I think what a la carte proponents either forget or don’t realize is that quality and popularity aren’t synonymous. For example:
Programming that’s “worth watching” in the sense of being profitable enough to keep being made isn’t going to be Mad Men or Breaking Bad, it’s going to be Jersey Shore and Real Housewives of Atlanta. Is that really how you want to impact the television landscape in an effort to save 3% off your cable bill by dropping 90% of your channels? (Numbers pulled out of my ass. The actual numbers are debatable; see the linked articles above for more info.)
Cable a la Carte: Choice vs. Cost? Right or wrong, most of the industry argues that more options will give consumers higher bills. One likely result: Fewer second-tier channels
I haven’t seen those shows in question, but I’d bet that I’d take an interesting documentary over the above two, and I don’t see any cable channel subsidizing those. For all I know, Mad Men and Breaking Bad could be just as bad as Joe Schmoe’s Got Talent.
I have already made my choice to not subsidize TV “Worth watching” but not profitable enough to survive on its own by not getting cable. If I had a choice to pay for just the channels I consider worthwhile I would consider doing so.
Some people have made the argument that the sports channels are worth watching but would not survive on their own! I know that I wouldn’t want to subsidize them as I never would even think about watching them.
Sports are the one thing that still draws big ratings. ESPN would survive better than any other channel in an a la carte system.
You know, maybe people that are too good for television aren’t really the people that matter when it comes to cable tv pricing schemes. If you haven’t paid for tv (cable/satellite/whatever) in 15 years, your input is pretty off-topic and irrelevant to the discussion at hand. It’s odd how many anti-tv people we have chiming in to a tv thread. Makes me wonder if the motivation isn’t just to boast about how above it all you are.
I don’t pay for TV for the same reason I pay for Internet, by a rational cost benefit analysis. I say to myself “self, if I had to put in $1 a day into my computer like a video game every day to use the Internet, would I”? And the answer is yes and so I do.
I would not literally put in $2 into my TV every day for the privilege of watching it. If it were only 50 cents a day I would, provided I had access to the very small sampling of channels I would consider watching. It’s as simple as that.

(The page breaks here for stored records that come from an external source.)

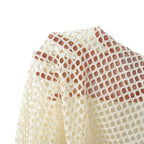 Close-up of a cream-colored open-knit mesh fabric draped to show its texture and pattern against a white background.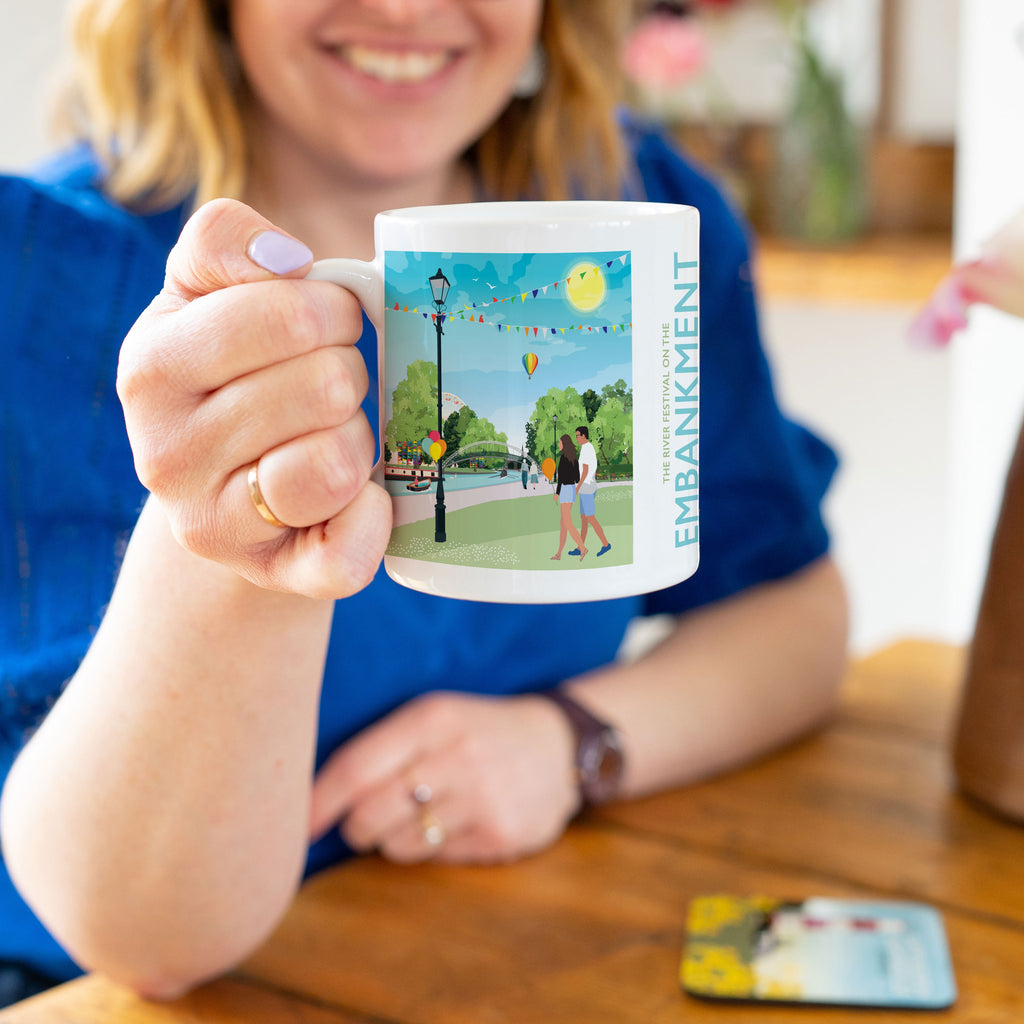 a woman sitting at a table holding a coffee mug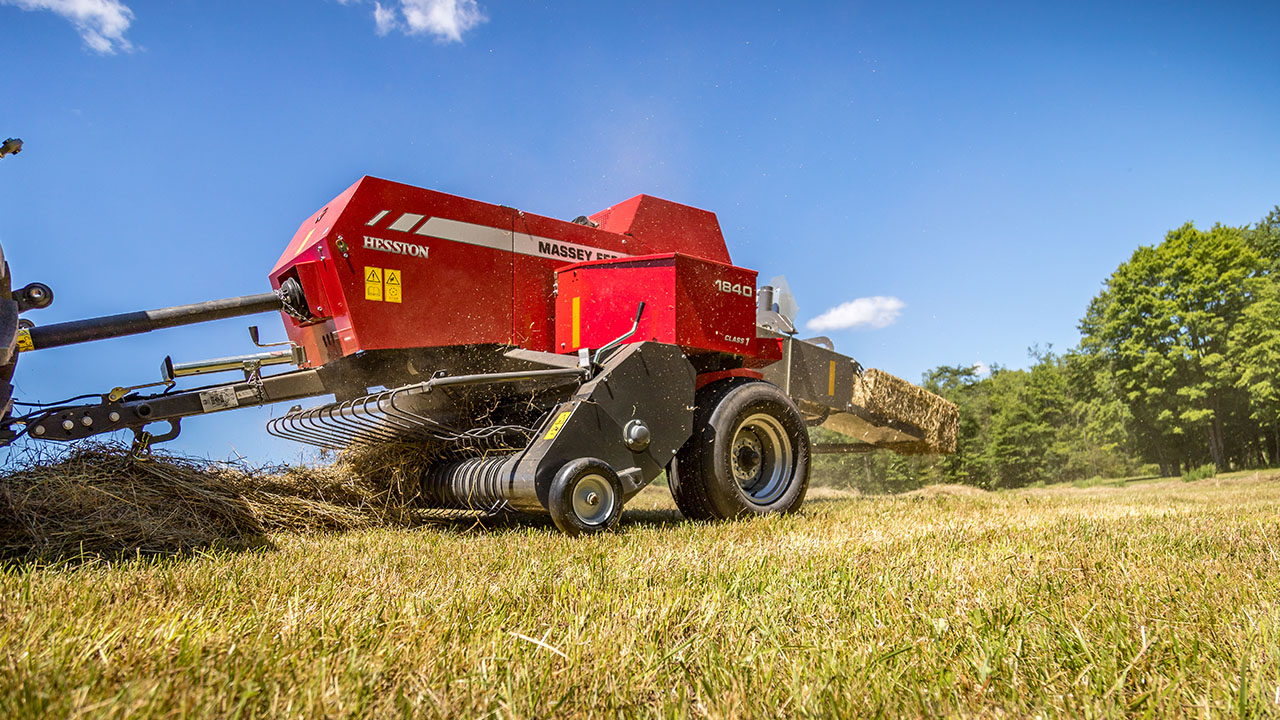 Hesston by Massey Ferguson 1840 small square baler efficiently picking up and forming tight hay bales in a grassy field.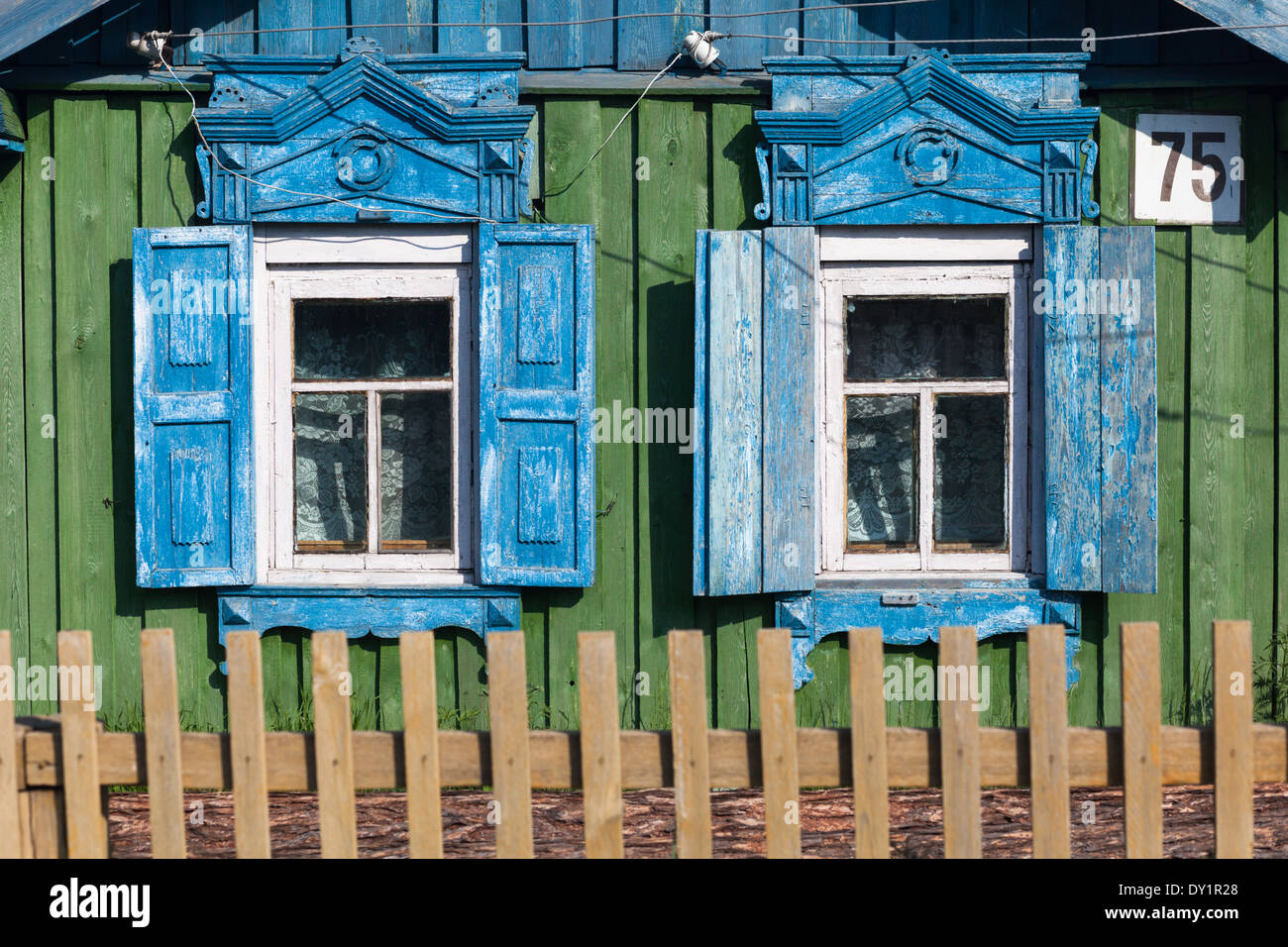 Windows with traditional wooden shutters in Bolshoe Goloustnoe on the shore of Lake Baikal, Siberia, Russia Stock Photo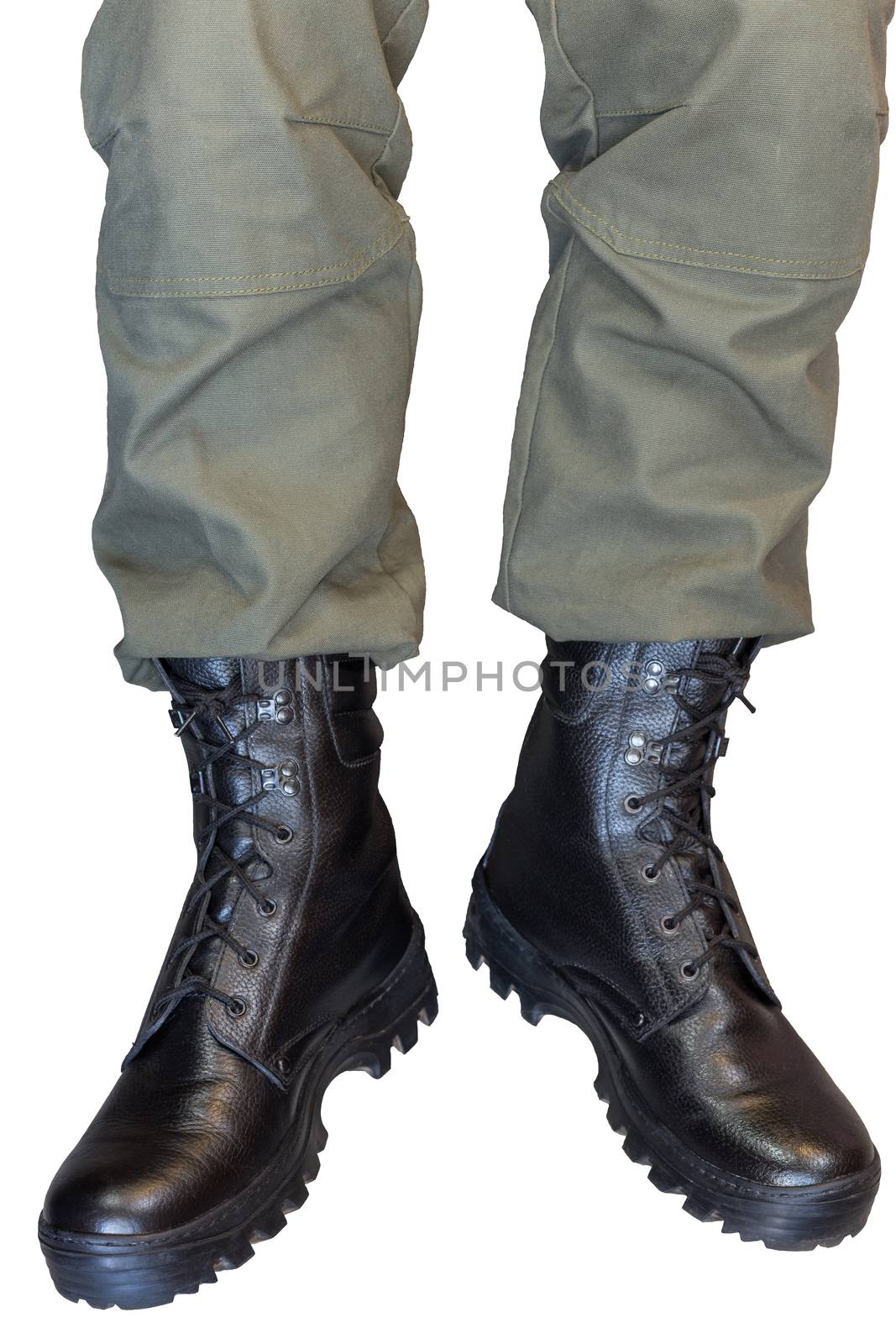 Legs in army khaki pants and military black boots isolated on white background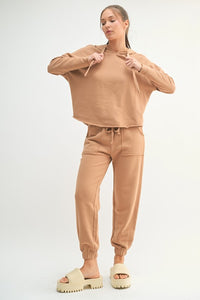 Loose-fit hoodie sweater made from durable 100% cotton with a big drawcord and raw-edge hem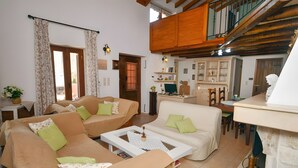 A living room with two sofas, a coffee table, and a fireplace. There is a staircase leading to an upper level.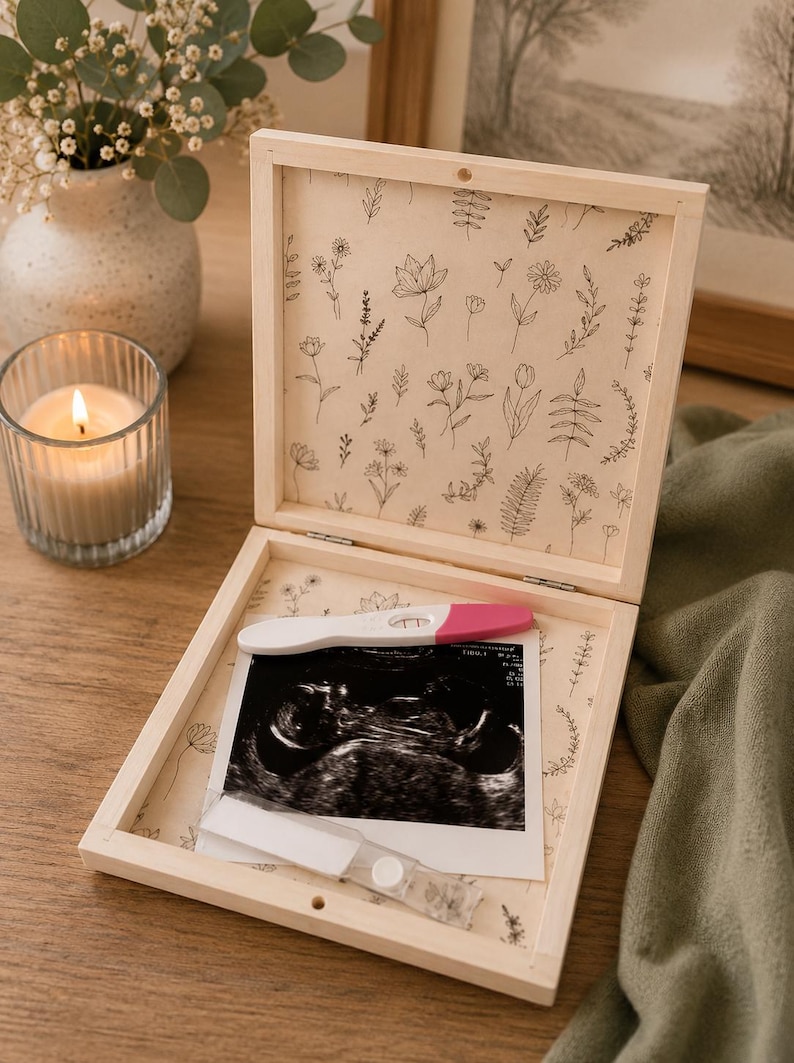 Peut inclure: Coffret souvenir en bois clair, orn&eacute; d'un motif floral &agrave; l'int&eacute;rieur. Il contient un test de grossesse et une &eacute;chographie. Une bougie allum&eacute;e et un vase de fleurs sont en arri&egrave;re-plan.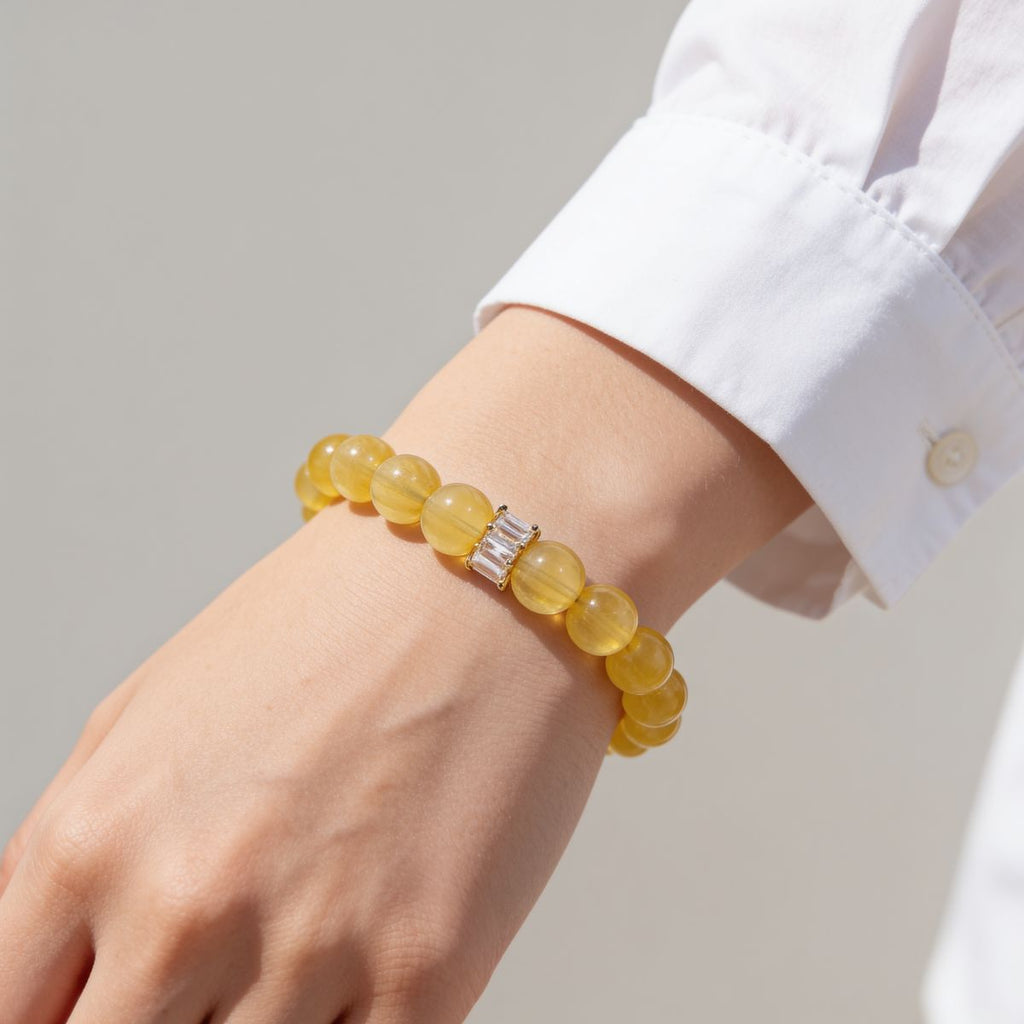 Yellow Fluorite beaded bracelet styled on the wrist with a white shirt and gold-tone centerpiece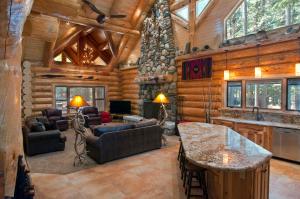 a living room in a log cabin with wooden walls at El Capitan in Wawona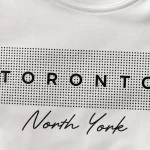 Toronto North York print close-up - houndstooth block and script detail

The people who don’t currently pay for cable TV are very much a group that needs to be considered when trying to figure out if a-la-carte would work (for some definition of “work”). They’re a potential market for channels which they are currently not paying for. If they would pay for them under a-la-carte, and if there are enough people like this, then niche channels could survive just fine.
Keep in mind that even under an a-la-carte system, cable companies could still offer bundle deals. Pay $X for an individual channel, or $Y for a bundle similar to ones that currently exist. Obviously many people are willing to pay $Y for such a bundle. Some current payers would switch to only paying for certain channels, and some current non-payers would become payers for certain channels.
It’s not exactly a question of higher bills. It’s a question of value. What do I get for my money? If I can spend $50 and get very little that I want (and a lot that I don’t want), or spend $80 and get a lot of what I want, I’ll be strongly inclined to choose the latter.
No business can afford to accommodate every possible permutation of custom, especially those few who say that they would be willing to pay $80 for 5 channels they like but not $50 for 5 channels they like plus 95 more channels.
As for internet service replacing cable – cable companies themselves provide the bulk of high capacity internet service, so it looks like they’ve given this more thought than some people here think.